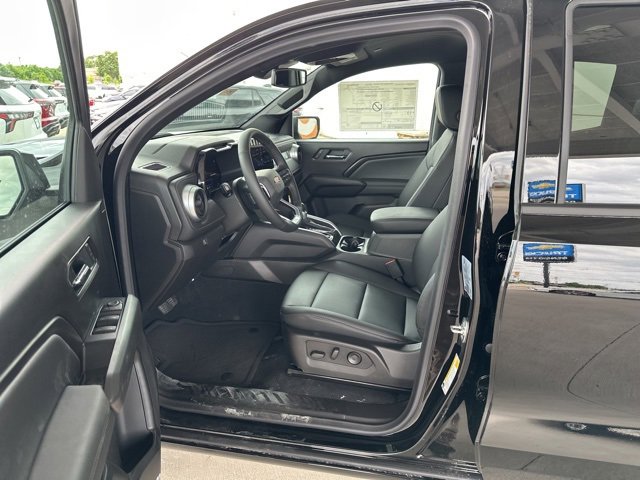 New 2025 Chevrolet Colorado LT w/ LT Convenience Package image 16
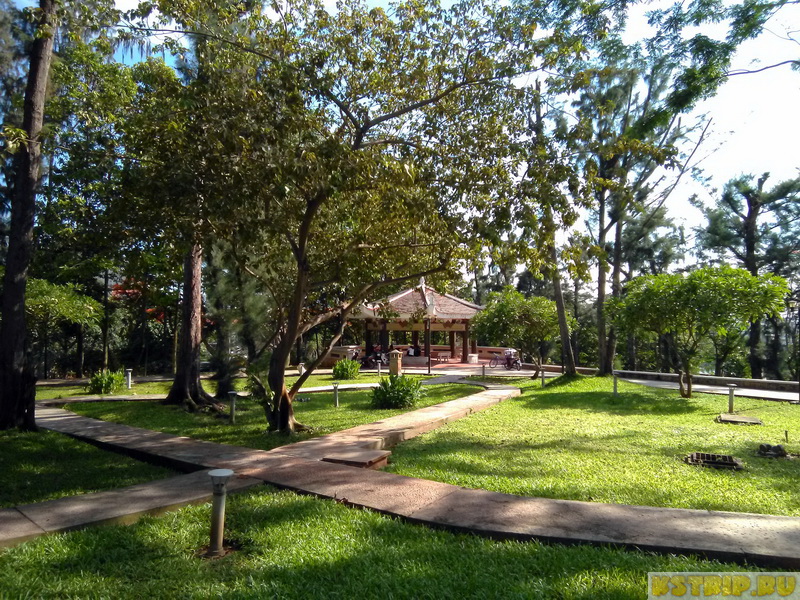 Пантеон Хо Ши Мина в Вунгтау и парк
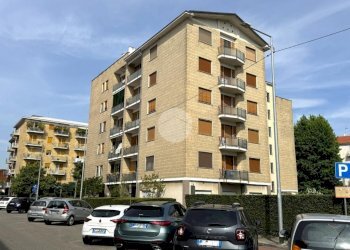 Appartamento Via alcide de gasperi, Ivrea - foto 1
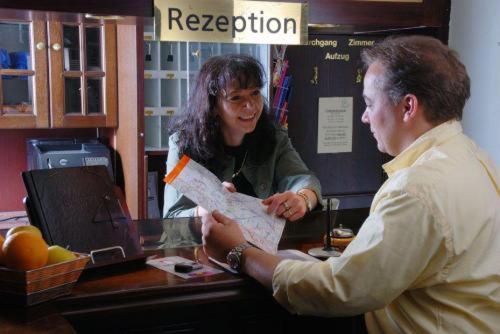 Hotel am Wilhelmsplatz - Resim 11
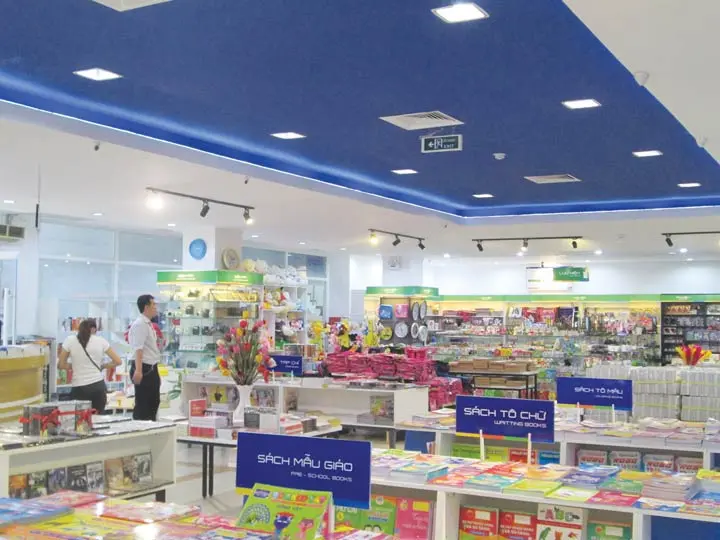 nha-sach-phuong-nam-nha-trang-1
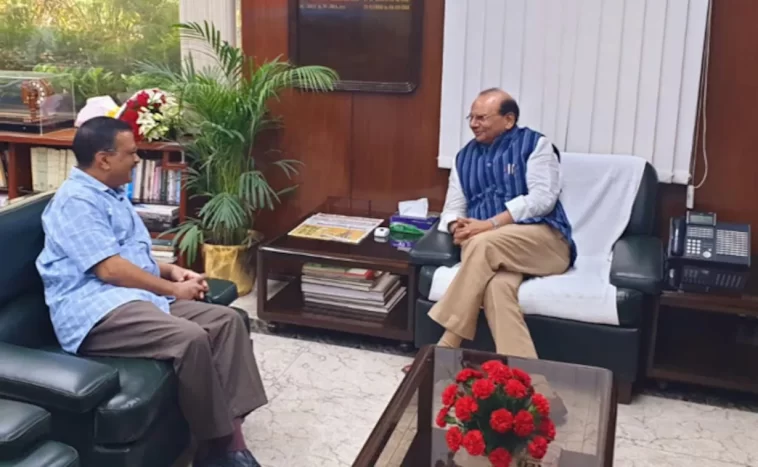 After being nudged by the Supreme Court, Kejriwal and LG Saxena had a meeting over the Delhi electrical commission.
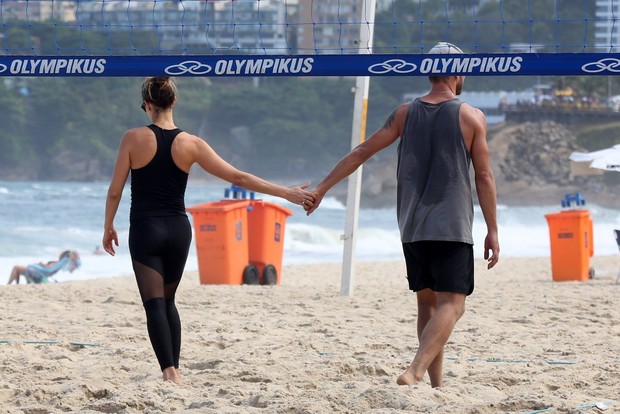  Rodrigo Hilbert e Fernanda Lima jogam voley juntos na praia do Leblon (Foto: André Freitas / AgNews)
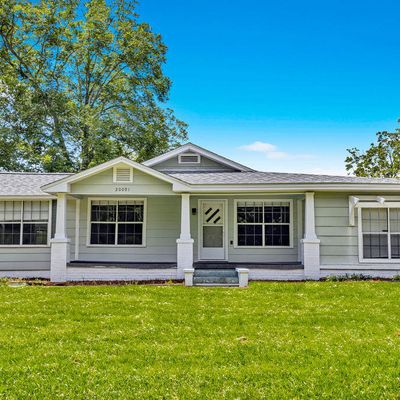 20091 Lovers Ln, Long Beach, MS 39560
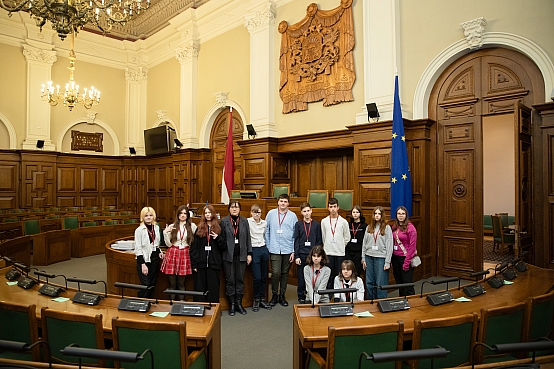 Rīgas Rīnūžu vidusskolas skolēni apmeklē Saeimu skolu programmas "Iepazīsti Saeimu" ietvaros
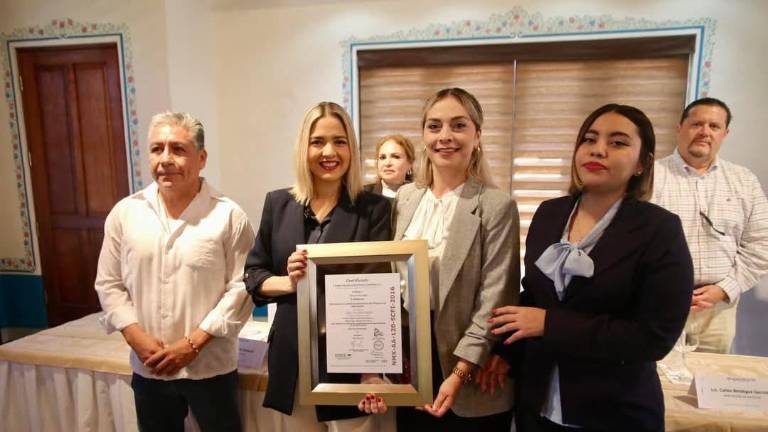 Estrella Palacios Domínguez anunció que el Gobierno Municipal trabaja en la certificación de la principal playa de Mazatlán.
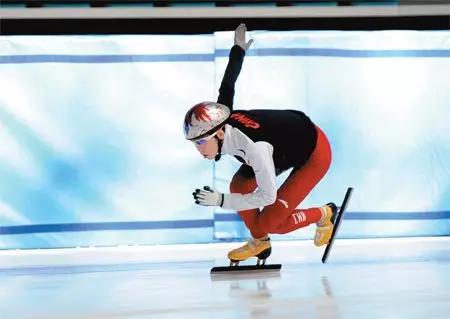 广州室内综合运动馆,下雨天的运动场馆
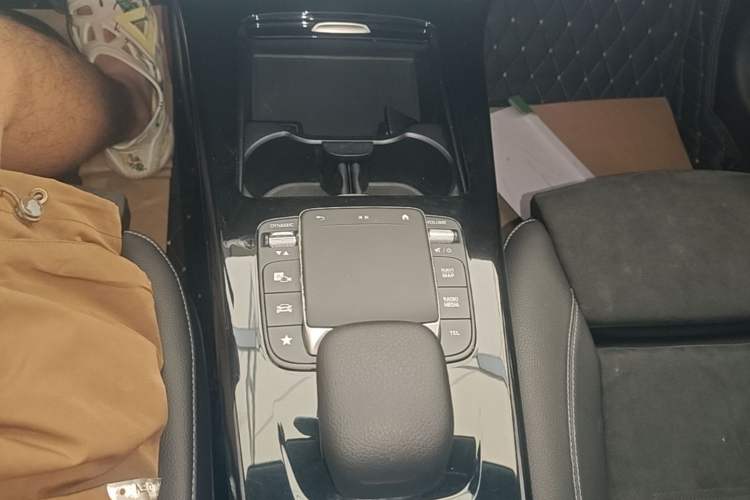 Used Mercedes-Benz A-Class 2021 A 200 L Sport Sedan Fashion Model Gear Lever
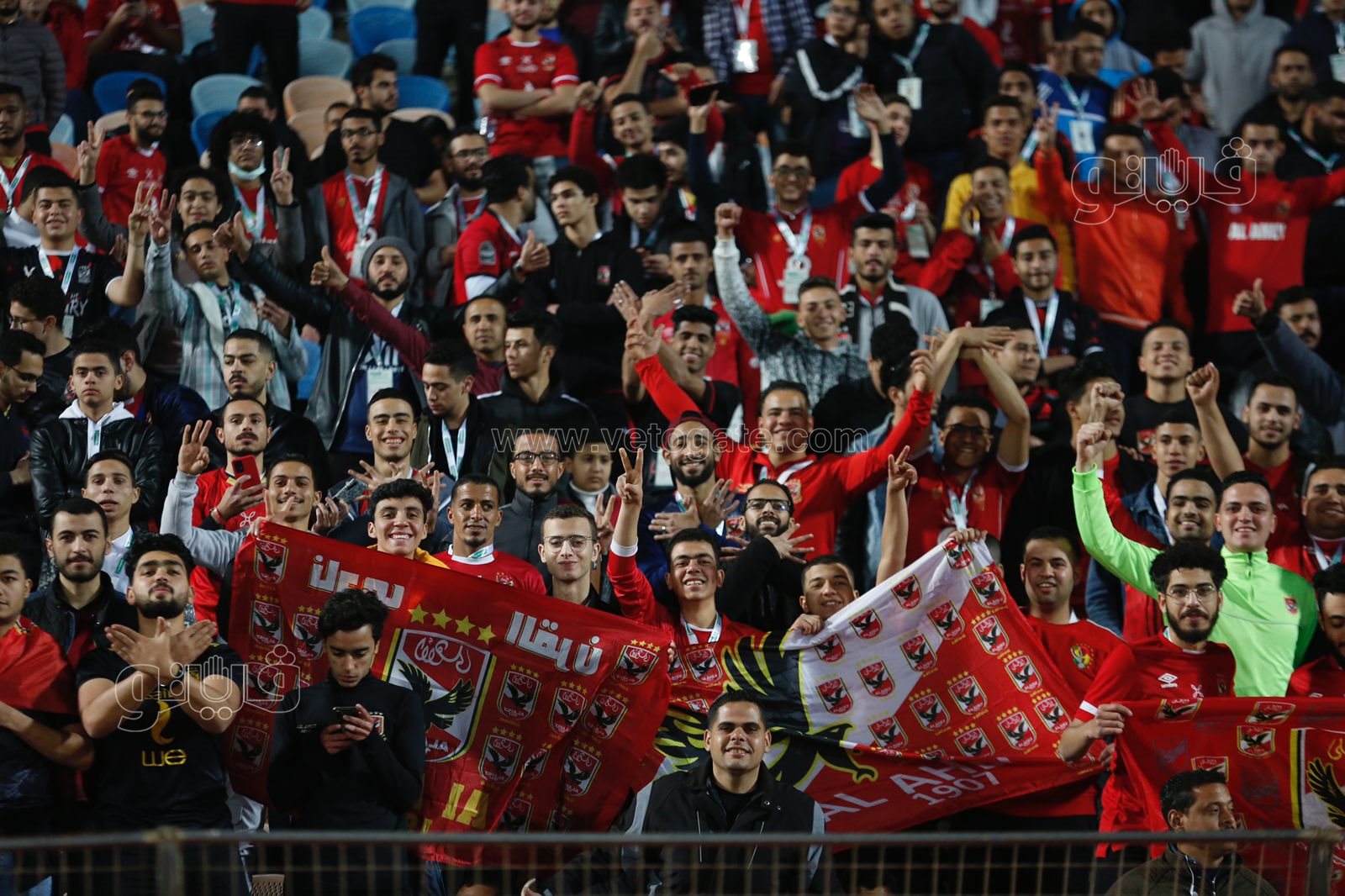 الاهلي وصنداونز (33)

§ Task directions
The answer should consist of every line above, exact and free of images.

§ Response to the exercise
 New 2025 Chevrolet Colorado LT w/ LT Convenience Package image 16
 Пантеон Хо Ши Мина в Вунгтау и парк
 Appartamento Via alcide de gasperi, Ivrea - foto 1
 Hotel am Wilhelmsplatz - Resim 11
 nha-sach-phuong-nam-nha-trang-1
 After being nudged by the Supreme Court, Kejriwal and LG Saxena had a meeting over the Delhi electrical commission.
  Rodrigo Hilbert e Fernanda Lima jogam voley juntos na praia do Leblon (Foto: André Freitas / AgNews)
 20091 Lovers Ln, Long Beach, MS 39560
 Rīgas Rīnūžu vidusskolas skolēni apmeklē Saeimu skolu programmas "Iepazīsti Saeimu" ietvaros
 Estrella Palacios Domínguez anunció que el Gobierno Municipal trabaja en la certificación de la principal playa de Mazatlán.
 广州室内综合运动馆,下雨天的运动场馆
 Used Mercedes-Benz A-Class 2021 A 200 L Sport Sedan Fashion Model Gear Lever
 الاهلي وصنداونز (33)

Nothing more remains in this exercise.